If you’re like most nonprofit leaders, you are truly passionate about the work that you do. You wholeheartedly believe in your organization’s mission. You are even committed to ensuring that your nonprofit is able to meet the various needs of its constituency, both now and in the long run. If only you didn’t have to fundraise.
Don’t worry; you’re not alone. According to the national study, Ready to Lead?: Next Generation Leaders Speak Out, the number one reason that emerging professionals gave for not wanting to become an executive director is having to fundraise. When respondents were asked to expound on this, the fear of fundraising was not about an unwillingness to raise money per se. Rather, it was the idea that they wouldn’t be successful in raising much-needed funds.
If you’re among this group of nonprofit leaders, what should you do? Does it make sense to hire someone full-time to oversee the organization’s fundraising duties or contract with a consultant in the short-term? While it’s true that you’ll never be free of the wonderful world of fundraising since you are your nonprofit’s main spokesperson, the answer to this question depends on a variety of factors. Below are a few tips to consider in how best to pass the proverbial buck (see what I just did there?):
- Assess Overall Need. Before you make any sudden moves, first consider what you hope to achieve by increasing your fundraising capacity. Do you need help in mapping out your fundraising activities for the year or do you want to hand off the majority of fundraising responsibilities to another person? If you hire a full-time staff member, this person will primarily oversee and implement your organization’s fundraising activities; keeping you abreast of benchmarks of course. On the other hand, if you decide to hire a consultant, he or she can provide guidance on best practice fundraising strategies and even strengthen (or create) fundraising tools for you to use (e.g., grant proposal templates, strengthen content on online donation page, etc.).
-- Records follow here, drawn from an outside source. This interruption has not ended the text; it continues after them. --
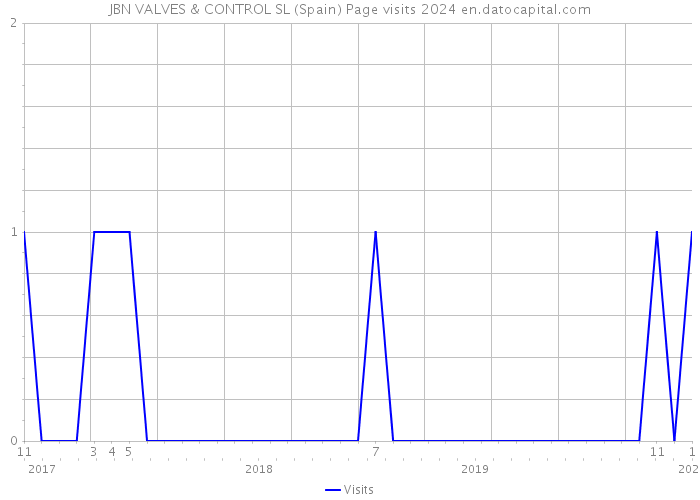 JBN VALVES & CONTROL SL (Spain) Page visits 2024 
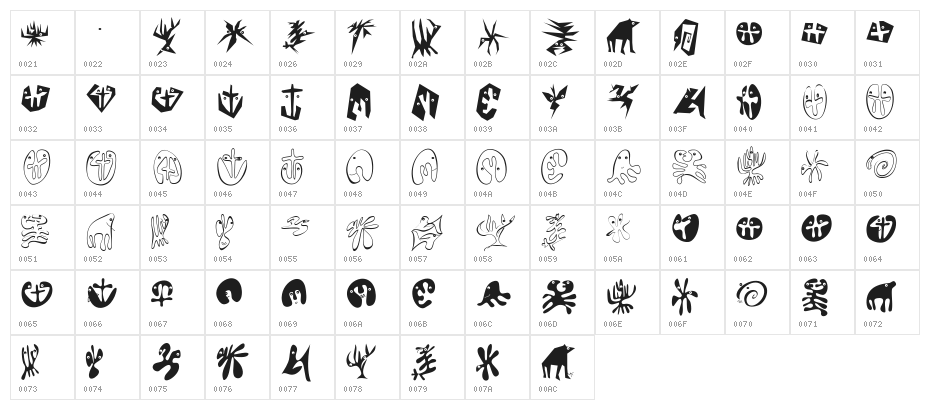 Mirobattz Character Map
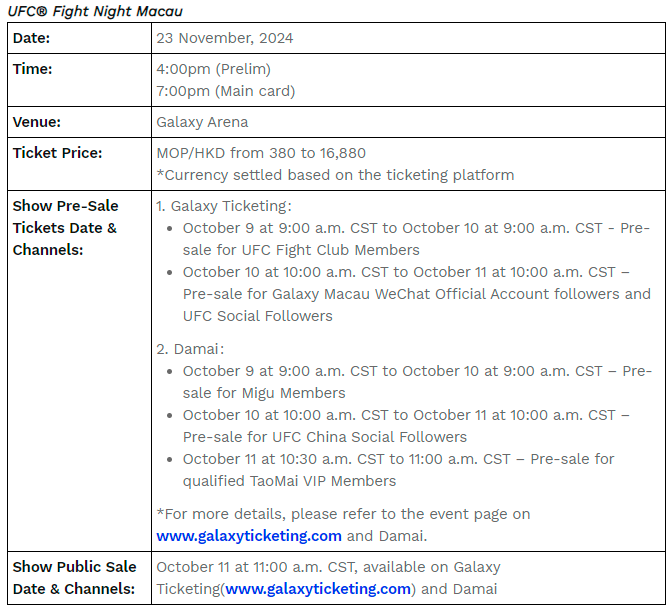 $!Tickets for UFC’s long-awaited return to Greater China are expected to be highly-sought after. UFC® FIGHT NIGHT MACAU: YAN vs. FIGUEIREDO ticket prices range from MOP / HKD 380 to 2,380 and limited VIP experience packages from MOP / HKD 6,880 to 16,880.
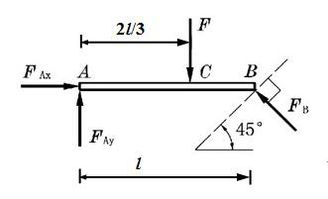 市政道路基礎(chǔ)知識試題庫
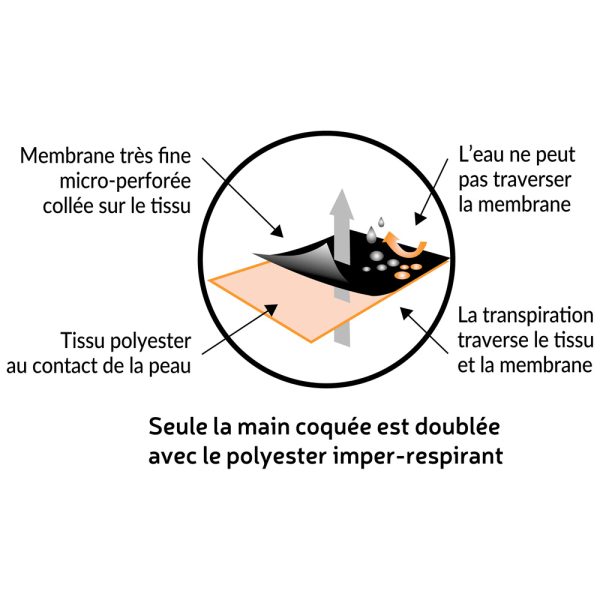 Gant de protection viticulteur coqué pour gaucher – Image 2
- Review Organizational Budget. Another indicator to consider is your organizational budget. Is your nonprofit ready to support another full-time staff member complete with competitive benefits? According to data from Professionals for Nonprofits’ 2010 Salary Survey, the average salary range for a development director in Washington, D.C. is $70,000-$80,000 per year ($40,000-$45,000 for a development associate). If you have room in your budget to hire another person, go for it (our economy needs you for goodness sake). If not, then you might consider contracting with a fundraising consultant for a short period of time to help you map out and/or implement some key fundraising activities to alleviate the burden.
Now it’s your turn. Have you ever contemplated hiring a full-time development person versus a fundraising consultant? What did you ultimately do and why?